Evidence of meeting #122 for Finance in the 42nd Parliament, 1st Session. (The original version is on Parliament’s site, as are the minutes.) The winning word was aiib.

A recording is available from Parliament.

On the agenda

MPs speaking

Also speaking

Gervais Coulombe  Chief, Sales Tax Division, Tax Policy Branch, Department of Finance
Antoine Brunelle-Côté  Director, International Policy and Analysis Division, International Trade and Finance Branch, Department of Finance
Nicole Giles  Director General, International Finance and Development Policy Division, International Trade and Finance Branch, Department of Finance
Neil Saravanamuttoo  Chief, Multilateral Institutions, International Finance and Development Division, International Trade and Finance Branch, Department of Finance
Anchela Nadarajah  Economist, Multilateral Institutions, International Finance and Development Division, International Trade and Finance Branch, Department of Finance
Manuel Dussault  Chief, Securities Policy Division, Department of Finance
Justin Brown  Director, Financial Stability, Financial Sector Policy Branch, Department of Finance
Christopher Graham  Principal Economist, Bank of Canada
Hugues Vaillancourt  Chief, Financial Sector Policy Branch, Department of Finance
Lorraine McKenzie Presley  Director General, Portfolio Management and Corporate Secretariat, Department of Natural Resources
Margaret Hill  Senior Director, Strategic Policy and Legislative Reform, Department of Employment and Social Development
Réal Gagnon  Senior Policy Analyst, Strategic Policy and Legislative Reform, Labour Program, Department of Employment and Social Development

4:35 p.m.

Conservative

Pierre Poilievre Conservative Carleton, ON

If that's the case then why aren't there private investors able to do this?

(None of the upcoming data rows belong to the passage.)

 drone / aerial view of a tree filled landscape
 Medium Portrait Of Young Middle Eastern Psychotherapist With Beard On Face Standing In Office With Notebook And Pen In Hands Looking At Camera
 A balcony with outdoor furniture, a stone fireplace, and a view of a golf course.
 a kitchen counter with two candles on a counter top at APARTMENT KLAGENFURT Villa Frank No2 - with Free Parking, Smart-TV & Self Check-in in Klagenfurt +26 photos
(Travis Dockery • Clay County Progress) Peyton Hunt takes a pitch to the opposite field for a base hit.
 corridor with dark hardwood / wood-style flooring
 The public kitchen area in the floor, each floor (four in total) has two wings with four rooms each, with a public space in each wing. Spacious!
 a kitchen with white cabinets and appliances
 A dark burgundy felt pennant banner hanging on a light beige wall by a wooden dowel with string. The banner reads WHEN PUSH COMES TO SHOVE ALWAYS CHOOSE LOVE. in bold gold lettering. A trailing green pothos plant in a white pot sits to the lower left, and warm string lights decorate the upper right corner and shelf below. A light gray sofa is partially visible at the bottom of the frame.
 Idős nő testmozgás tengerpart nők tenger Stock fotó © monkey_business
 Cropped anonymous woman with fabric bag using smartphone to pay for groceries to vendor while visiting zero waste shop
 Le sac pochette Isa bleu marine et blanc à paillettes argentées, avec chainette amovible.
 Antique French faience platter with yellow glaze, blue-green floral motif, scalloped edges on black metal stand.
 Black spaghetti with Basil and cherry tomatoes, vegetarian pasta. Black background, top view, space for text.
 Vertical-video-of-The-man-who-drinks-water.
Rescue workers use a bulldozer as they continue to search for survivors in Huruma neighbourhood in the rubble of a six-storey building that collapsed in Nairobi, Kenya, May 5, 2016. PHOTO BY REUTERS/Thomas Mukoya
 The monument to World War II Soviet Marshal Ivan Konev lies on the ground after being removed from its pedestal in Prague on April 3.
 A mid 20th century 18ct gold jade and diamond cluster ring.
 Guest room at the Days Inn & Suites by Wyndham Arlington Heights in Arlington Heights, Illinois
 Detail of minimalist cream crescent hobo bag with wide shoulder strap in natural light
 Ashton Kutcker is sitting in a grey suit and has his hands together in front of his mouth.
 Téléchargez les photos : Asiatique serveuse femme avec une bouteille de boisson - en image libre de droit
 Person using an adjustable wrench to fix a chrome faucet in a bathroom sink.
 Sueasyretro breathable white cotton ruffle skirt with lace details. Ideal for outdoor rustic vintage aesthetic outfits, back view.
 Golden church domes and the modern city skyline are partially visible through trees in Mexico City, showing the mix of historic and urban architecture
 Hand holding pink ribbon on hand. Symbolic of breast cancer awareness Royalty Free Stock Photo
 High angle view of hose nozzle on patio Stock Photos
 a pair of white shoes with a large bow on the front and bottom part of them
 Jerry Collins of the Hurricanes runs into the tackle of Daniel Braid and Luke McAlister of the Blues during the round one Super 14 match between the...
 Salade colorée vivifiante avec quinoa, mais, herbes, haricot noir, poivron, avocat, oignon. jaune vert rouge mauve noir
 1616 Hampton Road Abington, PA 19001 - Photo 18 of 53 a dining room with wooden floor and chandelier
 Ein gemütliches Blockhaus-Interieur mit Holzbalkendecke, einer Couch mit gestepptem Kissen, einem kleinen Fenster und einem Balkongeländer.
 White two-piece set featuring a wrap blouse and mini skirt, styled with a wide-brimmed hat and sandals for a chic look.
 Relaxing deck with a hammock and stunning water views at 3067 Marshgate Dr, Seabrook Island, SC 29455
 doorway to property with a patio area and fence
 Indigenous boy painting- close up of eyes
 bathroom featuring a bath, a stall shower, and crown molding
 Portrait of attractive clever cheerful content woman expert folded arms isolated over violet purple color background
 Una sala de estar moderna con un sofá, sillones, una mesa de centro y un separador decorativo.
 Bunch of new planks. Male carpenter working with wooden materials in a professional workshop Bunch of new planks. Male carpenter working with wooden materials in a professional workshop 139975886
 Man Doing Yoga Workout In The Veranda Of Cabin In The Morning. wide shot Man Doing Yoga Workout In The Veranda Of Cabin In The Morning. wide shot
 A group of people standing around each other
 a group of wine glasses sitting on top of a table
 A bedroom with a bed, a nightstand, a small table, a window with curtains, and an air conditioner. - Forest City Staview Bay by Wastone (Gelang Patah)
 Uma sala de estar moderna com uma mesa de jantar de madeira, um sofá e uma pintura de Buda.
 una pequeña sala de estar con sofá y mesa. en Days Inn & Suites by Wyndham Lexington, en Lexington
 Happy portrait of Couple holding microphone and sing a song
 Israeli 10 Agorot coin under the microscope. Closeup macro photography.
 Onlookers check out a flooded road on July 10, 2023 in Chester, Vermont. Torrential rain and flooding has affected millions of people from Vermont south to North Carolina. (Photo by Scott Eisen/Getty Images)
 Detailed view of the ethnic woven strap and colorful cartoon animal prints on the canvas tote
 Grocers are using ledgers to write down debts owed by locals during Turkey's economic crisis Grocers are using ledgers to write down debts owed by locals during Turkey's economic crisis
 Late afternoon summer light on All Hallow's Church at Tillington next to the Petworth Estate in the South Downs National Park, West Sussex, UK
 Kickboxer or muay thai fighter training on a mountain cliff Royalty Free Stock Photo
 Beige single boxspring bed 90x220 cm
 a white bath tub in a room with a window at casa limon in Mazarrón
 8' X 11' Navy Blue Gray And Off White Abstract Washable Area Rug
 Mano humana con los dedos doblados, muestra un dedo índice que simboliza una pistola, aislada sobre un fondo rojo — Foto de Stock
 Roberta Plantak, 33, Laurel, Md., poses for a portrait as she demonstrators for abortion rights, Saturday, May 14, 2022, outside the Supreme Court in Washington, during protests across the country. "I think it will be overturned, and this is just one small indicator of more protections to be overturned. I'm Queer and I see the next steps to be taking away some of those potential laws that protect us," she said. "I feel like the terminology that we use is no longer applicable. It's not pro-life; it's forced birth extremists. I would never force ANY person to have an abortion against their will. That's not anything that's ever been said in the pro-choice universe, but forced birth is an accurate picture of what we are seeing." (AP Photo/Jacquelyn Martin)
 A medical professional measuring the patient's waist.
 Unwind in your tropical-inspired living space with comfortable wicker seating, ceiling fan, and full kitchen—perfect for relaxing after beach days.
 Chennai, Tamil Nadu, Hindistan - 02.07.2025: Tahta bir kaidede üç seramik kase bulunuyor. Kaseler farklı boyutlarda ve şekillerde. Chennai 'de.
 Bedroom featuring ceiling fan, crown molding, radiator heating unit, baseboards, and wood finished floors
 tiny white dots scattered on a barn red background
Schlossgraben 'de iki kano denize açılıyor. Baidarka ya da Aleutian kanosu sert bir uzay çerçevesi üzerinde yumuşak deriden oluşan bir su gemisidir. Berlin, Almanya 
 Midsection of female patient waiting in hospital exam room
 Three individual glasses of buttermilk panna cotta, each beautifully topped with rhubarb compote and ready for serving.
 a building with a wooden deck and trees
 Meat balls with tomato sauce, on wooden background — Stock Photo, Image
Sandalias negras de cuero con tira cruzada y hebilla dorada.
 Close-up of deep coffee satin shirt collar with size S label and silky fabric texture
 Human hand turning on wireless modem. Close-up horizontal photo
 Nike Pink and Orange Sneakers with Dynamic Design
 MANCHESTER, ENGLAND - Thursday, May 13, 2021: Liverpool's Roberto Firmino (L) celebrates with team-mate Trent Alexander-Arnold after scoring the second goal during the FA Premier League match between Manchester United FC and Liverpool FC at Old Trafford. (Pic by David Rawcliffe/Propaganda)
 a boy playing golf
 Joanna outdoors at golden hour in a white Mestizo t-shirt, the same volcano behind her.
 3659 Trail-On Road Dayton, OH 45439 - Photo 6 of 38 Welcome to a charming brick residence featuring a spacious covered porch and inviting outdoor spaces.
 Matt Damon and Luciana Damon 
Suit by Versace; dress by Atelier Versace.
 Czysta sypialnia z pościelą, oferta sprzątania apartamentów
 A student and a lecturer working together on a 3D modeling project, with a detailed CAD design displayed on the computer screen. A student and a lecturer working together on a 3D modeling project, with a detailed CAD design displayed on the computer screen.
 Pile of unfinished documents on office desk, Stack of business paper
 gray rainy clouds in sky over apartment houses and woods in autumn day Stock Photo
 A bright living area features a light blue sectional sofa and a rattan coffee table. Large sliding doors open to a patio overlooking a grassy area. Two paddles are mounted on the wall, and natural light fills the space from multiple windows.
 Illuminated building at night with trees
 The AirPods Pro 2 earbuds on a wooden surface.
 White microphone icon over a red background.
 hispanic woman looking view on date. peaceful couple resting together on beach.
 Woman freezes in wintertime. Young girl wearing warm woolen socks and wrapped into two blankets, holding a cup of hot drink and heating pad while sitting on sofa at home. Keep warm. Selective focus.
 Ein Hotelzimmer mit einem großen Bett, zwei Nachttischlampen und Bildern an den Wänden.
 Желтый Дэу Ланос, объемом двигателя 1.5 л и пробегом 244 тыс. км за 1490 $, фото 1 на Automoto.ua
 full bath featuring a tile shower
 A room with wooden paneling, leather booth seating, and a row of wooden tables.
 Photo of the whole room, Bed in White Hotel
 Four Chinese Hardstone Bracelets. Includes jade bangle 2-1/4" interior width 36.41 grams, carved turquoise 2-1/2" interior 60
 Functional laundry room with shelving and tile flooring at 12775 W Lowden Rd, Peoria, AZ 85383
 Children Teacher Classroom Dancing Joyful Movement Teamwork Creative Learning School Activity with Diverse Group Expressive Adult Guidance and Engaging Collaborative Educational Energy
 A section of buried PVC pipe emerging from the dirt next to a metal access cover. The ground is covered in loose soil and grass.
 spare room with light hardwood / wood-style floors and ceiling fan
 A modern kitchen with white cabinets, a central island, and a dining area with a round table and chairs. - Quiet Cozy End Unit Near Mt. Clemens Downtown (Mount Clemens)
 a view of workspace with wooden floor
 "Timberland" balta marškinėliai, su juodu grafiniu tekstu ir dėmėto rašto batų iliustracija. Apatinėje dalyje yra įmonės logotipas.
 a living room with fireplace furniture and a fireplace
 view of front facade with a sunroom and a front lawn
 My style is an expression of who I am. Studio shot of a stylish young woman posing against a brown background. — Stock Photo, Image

We know that there are literally trillions of dollars of infrastructure investments that slosh around world markets all the time, people using their own money, pension funds, private equity firms, investment banks—that's what they do for a living. Why wouldn't they invest in this if, as you say, the minimum return we should expect is 2% and returns could be much higher than that on an annual basis?

4:35 p.m.

Director General, International Finance and Development Policy Division, International Trade and Finance Branch, Department of Finance

Nicole Giles

First of all, Neil can speak to the investment of some major institutional investors from the private sector in particular projects, but because these are international financial institutions, private sectors cannot actually become members of these banks.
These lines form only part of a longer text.